** DATA follows **

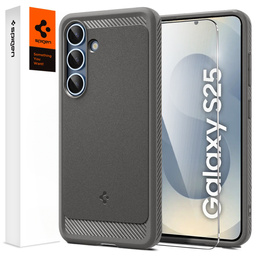 θήκη Spigen για Samsung Galaxy S25, Rugged Armor MagSafe, γκρι + μετριασμένο γυαλί 9H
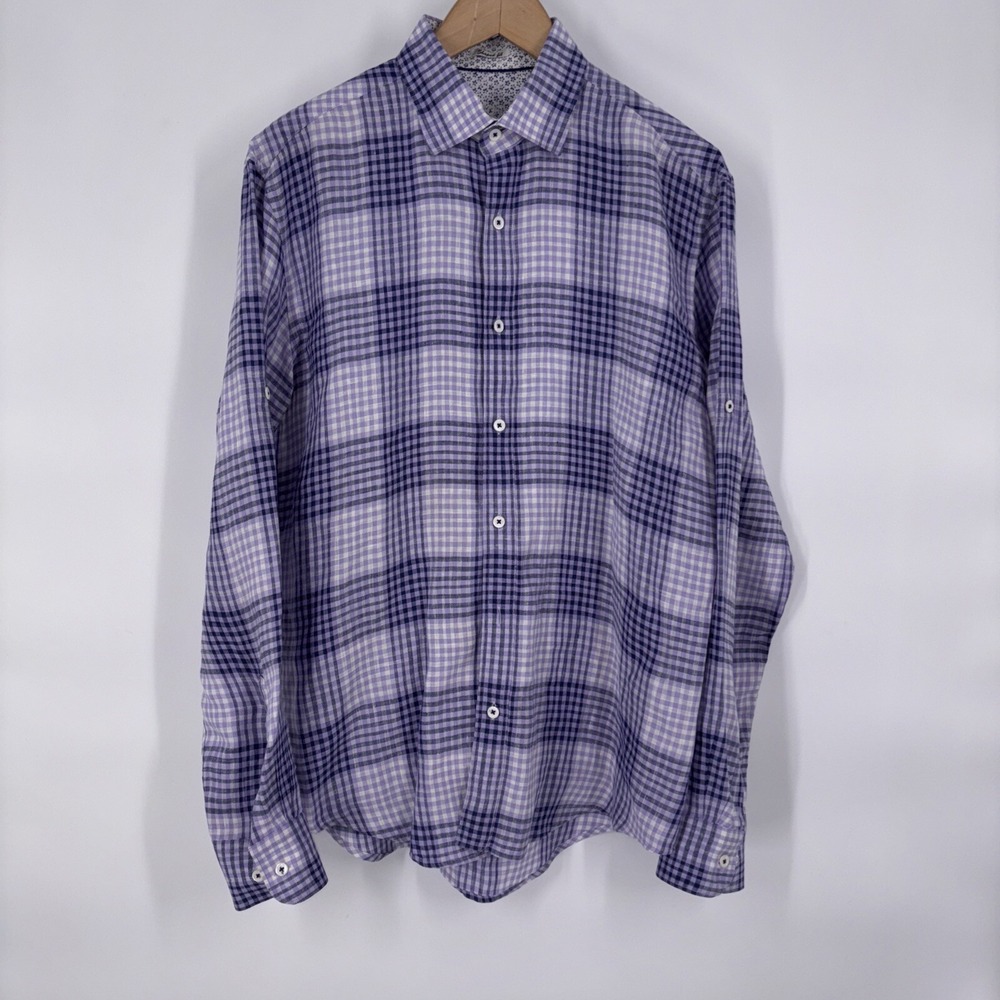 Bugatchi Mens Linen Shirt Medium Plaid Contrast Collar Cuff Preppy Resort Cruise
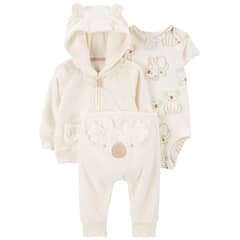 CARTER'S - Conjunto 3 piezas Poleron, Pantalon y Body Unisex Bebé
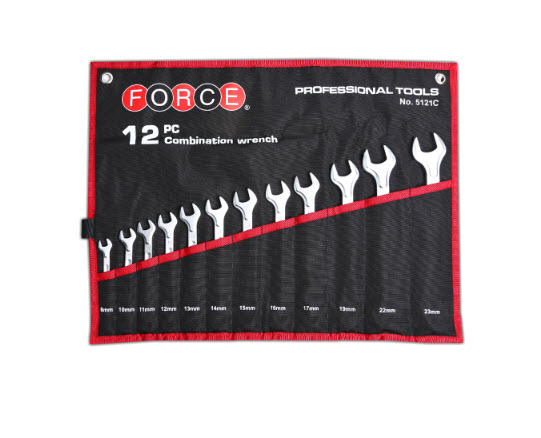 ชุดประแจแหวนข้างปากตาย (12ชิ้น) ฟอร์ซ (FORCE) [หน่วย mm.] Pn.5121C (*)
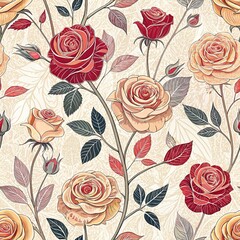 Seamless Floral Digital Wallpaper for Creative Aesthetic Spaces
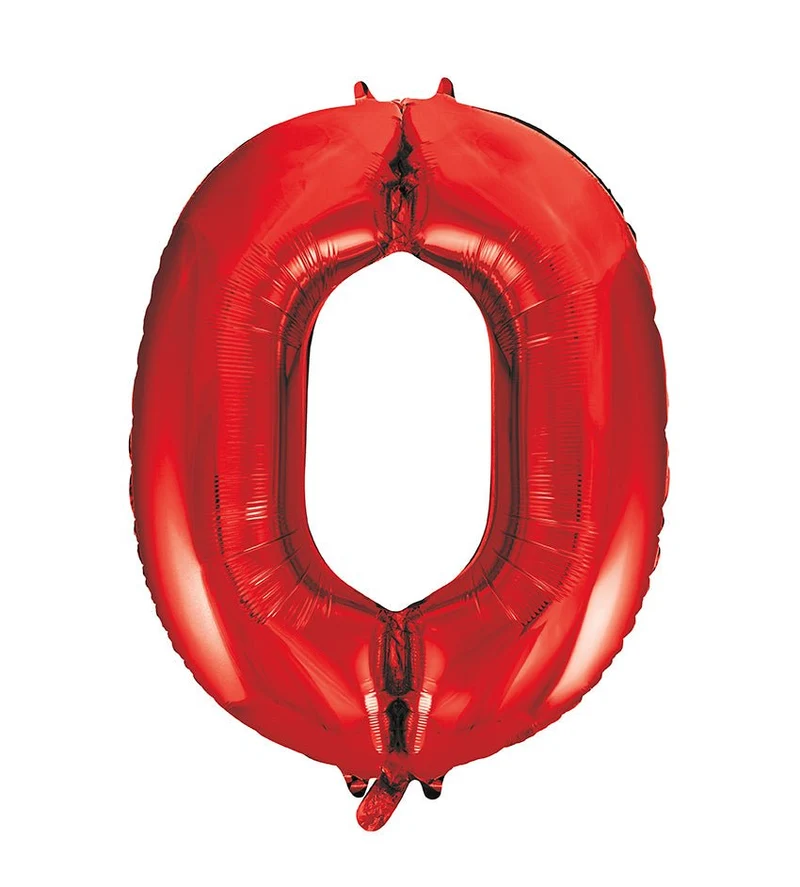 0 Jaar Cijfer Ballon Rood Leeg 86cm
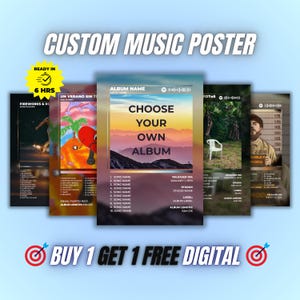 Custom Album Cover Poster | Album Cover Art | Music Album Cover | Album Wall Art | Digital Print | Gift for Mom | Tracklist Poster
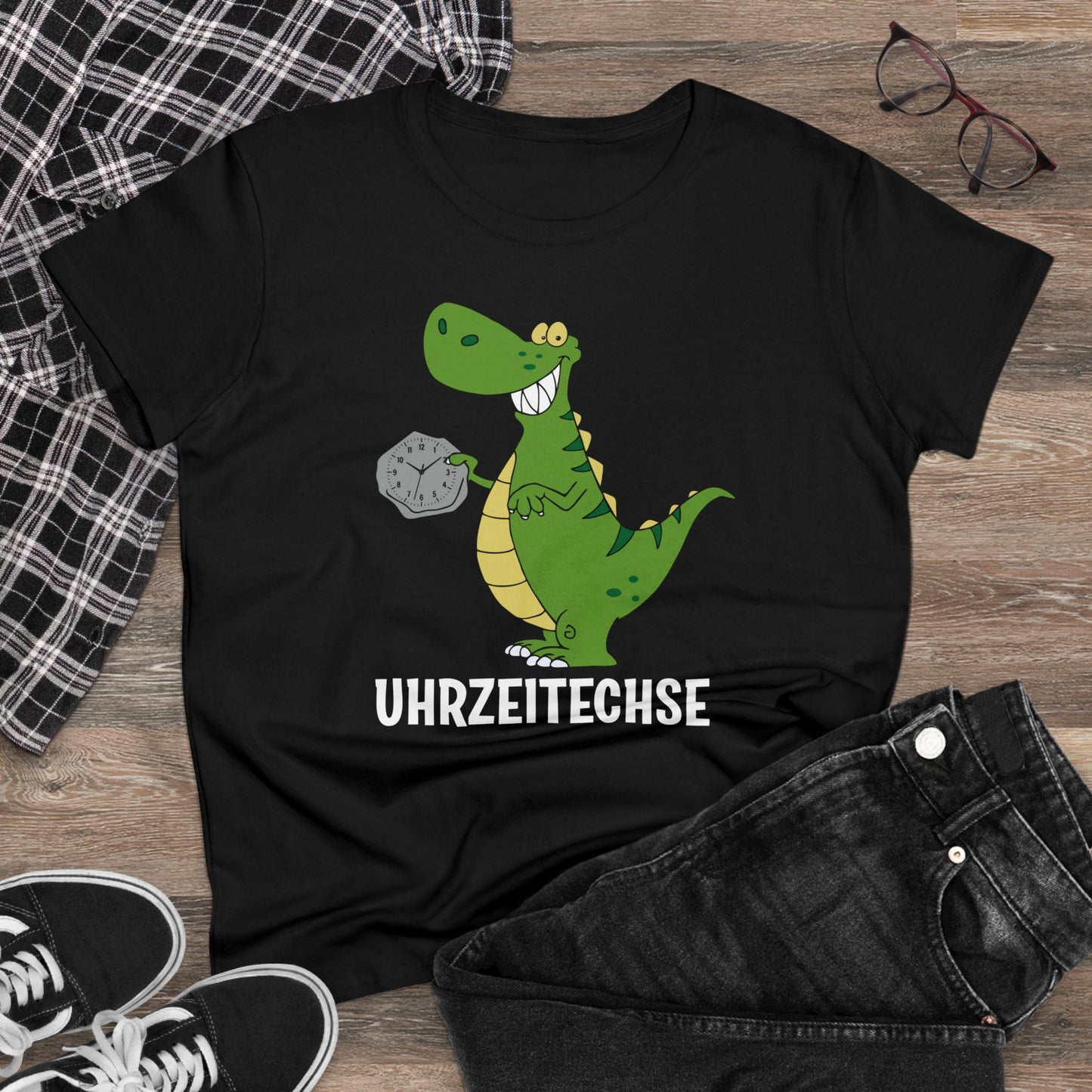 Damen T-Shirt Uhrzeitechse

** End of DATA **

*PROBLEM TO SOLVE*: Your answer must be the lines from the line containing "ชุดประแจแหวนข้างปากตาย (12ชิ้น) ฟอร์ซ" through the final line of the data, written out exactly, both ends included and pictures left out.

*SOLUTION TO THE EXERCISE*:
 ชุดประแจแหวนข้างปากตาย (12ชิ้น) ฟอร์ซ (FORCE) [หน่วย mm.] Pn.5121C (*)
 Seamless Floral Digital Wallpaper for Creative Aesthetic Spaces
 0 Jaar Cijfer Ballon Rood Leeg 86cm
 Custom Album Cover Poster | Album Cover Art | Music Album Cover | Album Wall Art | Digital Print | Gift for Mom | Tracklist Poster
 Damen T-Shirt Uhrzeitechse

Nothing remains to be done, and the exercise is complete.